A review by thepurplebookwyrm
Woman's Lore: 4,000 Years of Sirens, Serpents and Succubi by Sarah Clegg

hopeful informative inspiring reflective medium-paced

3.75

Woman's Lore presents the history of related, demonic (or demonised), fantastical female figures such as Lilith, (the) Lamia and mermaids from (one of) their hypothesised points of origin, in Ancient Mesopotamia – with the (rather scary) goddess Lamashtu – up to the 20th century, when most of these figures were reclaimed, to a certain extent, by feminist activists, artists, etc...

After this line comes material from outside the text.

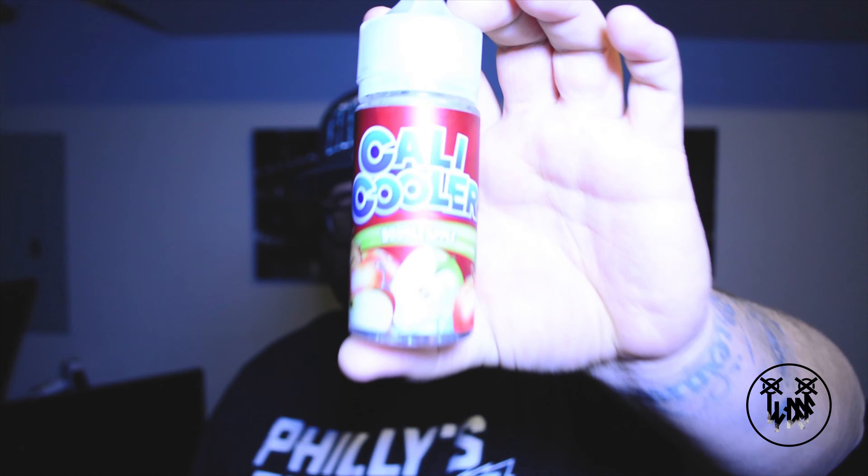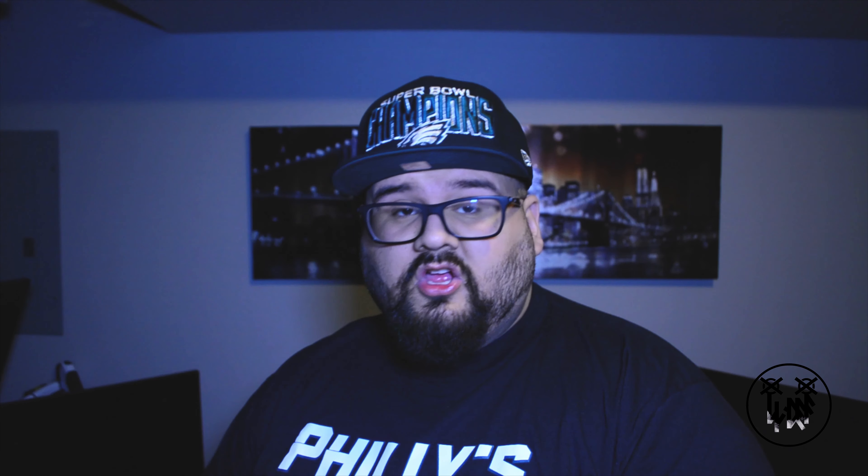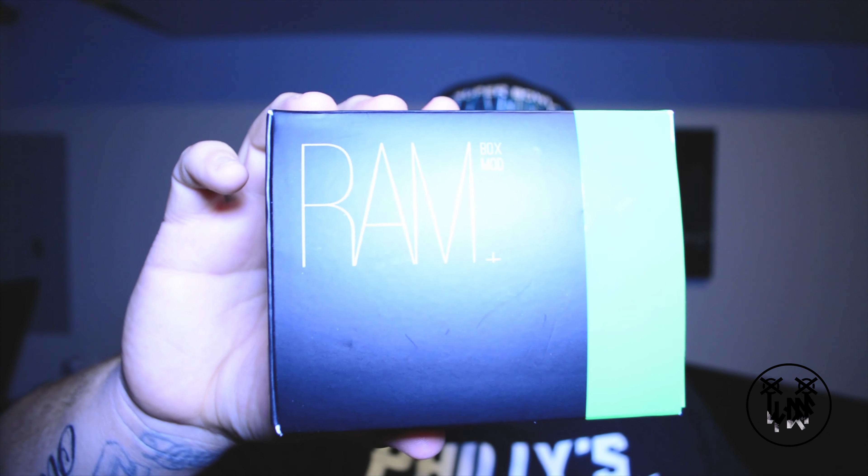Let me show you the third and final tin. I got Cali Cooler Double Apple, an Elemental E-Liquid — this one's great — Golden Ticket Chocolate Milk, some batteries which I'm already using right now and I definitely like those, and I got a RAM Box Mod squonk.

I really enjoyed this one, overall. I appreciated the quality of the author's scholarship (with, thankfully, proper referencing and citation work), the (for the most part) tight focus of her thesis, and even the cheekiness she displayed, at times, in her commentary. I was already pretty familiar with the material, yet learned a few new things nonetheless, so that was a big plus for me.

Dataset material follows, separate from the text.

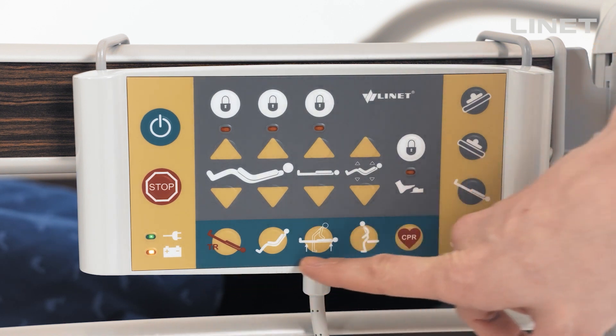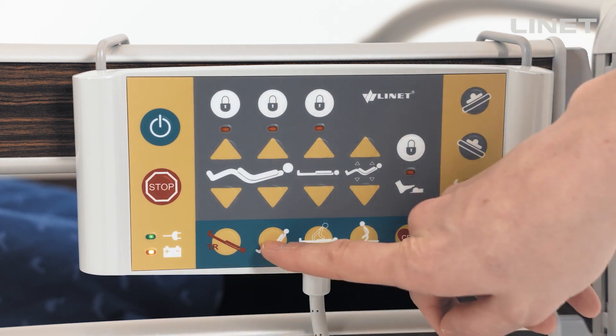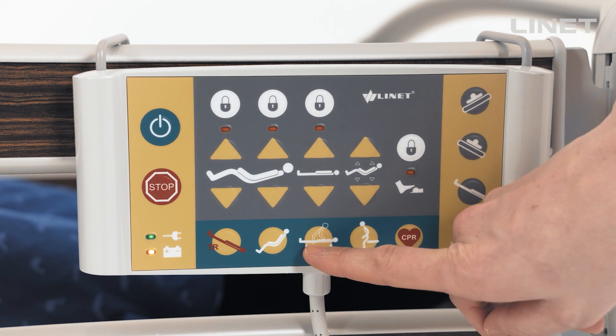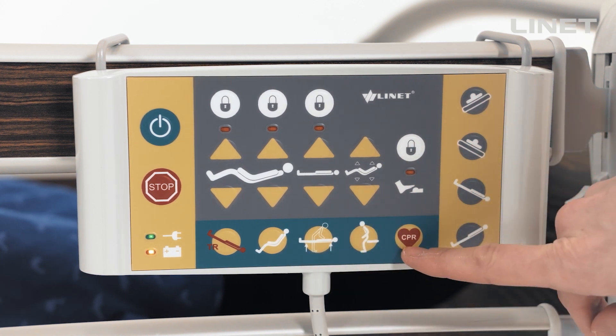All preset positions are on the bottom: red Trendelenburg, cardiac chair position, examination position, mobilization button, and red CPR button.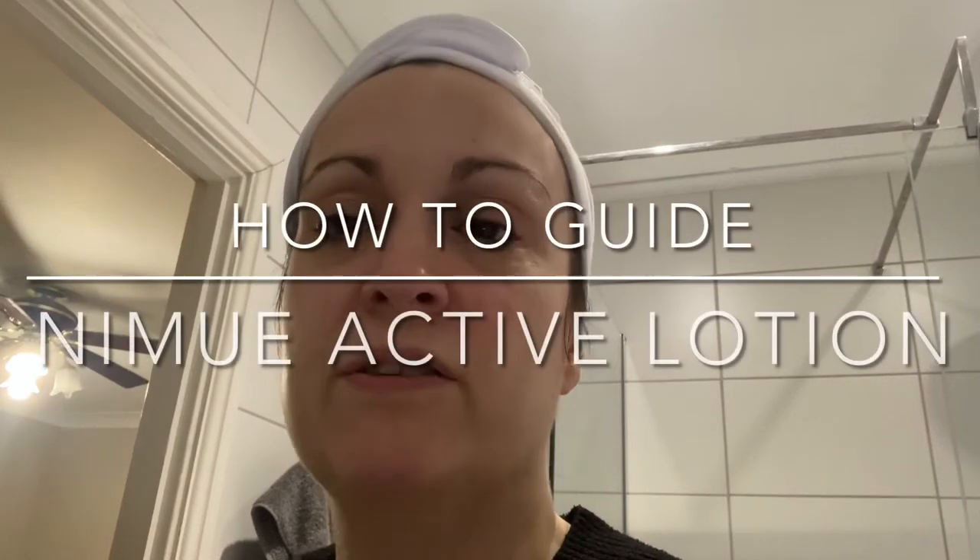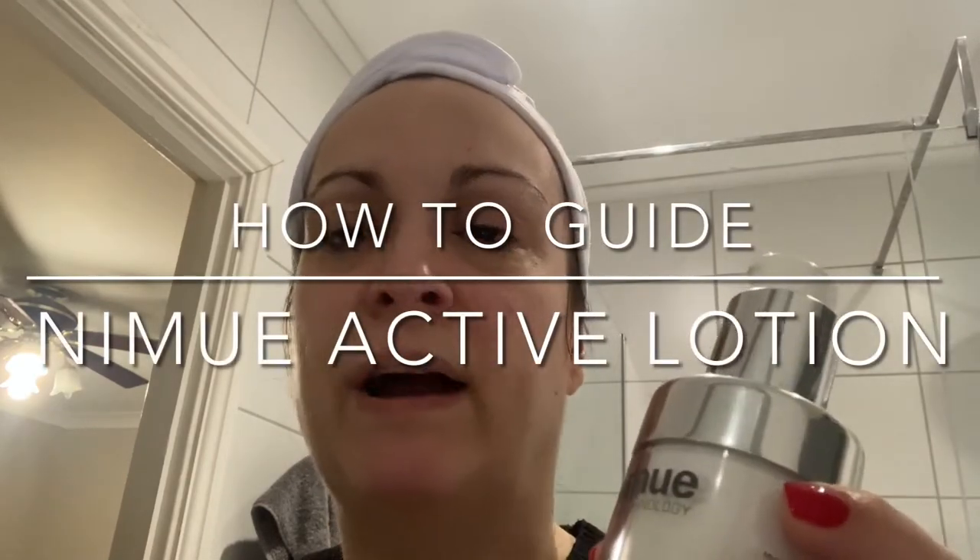Hi everyone, welcome to my how-to guide on how to use your Nimue Active Lotion. This is actually what's called a Phase 2 product. So for anybody that's not familiar with Nimue, Nimue actually works on a three-phase system.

Given my prior knowledge, there are a couple of elements I found missing from the book which I think could've made its thesis feel more complete. I also would've enjoyed a bit more theological analysis, or extrapolation, in the text as well. That being said, the author's main point concerning the nature of these figures as true elements of women's lore, culture and history was beautifully articulated and supported by the evidence she provided in the book.

Unfortunately, the book started losing some of its tight focus in its penultimate chapter, on the Victorian Era, and I think the author 'overstretched' herself somewhat. The connections and conclusions she drew from previously discussed material didn't feel as solid as they should have, and I just felt there was a glaring gap in her argumentation.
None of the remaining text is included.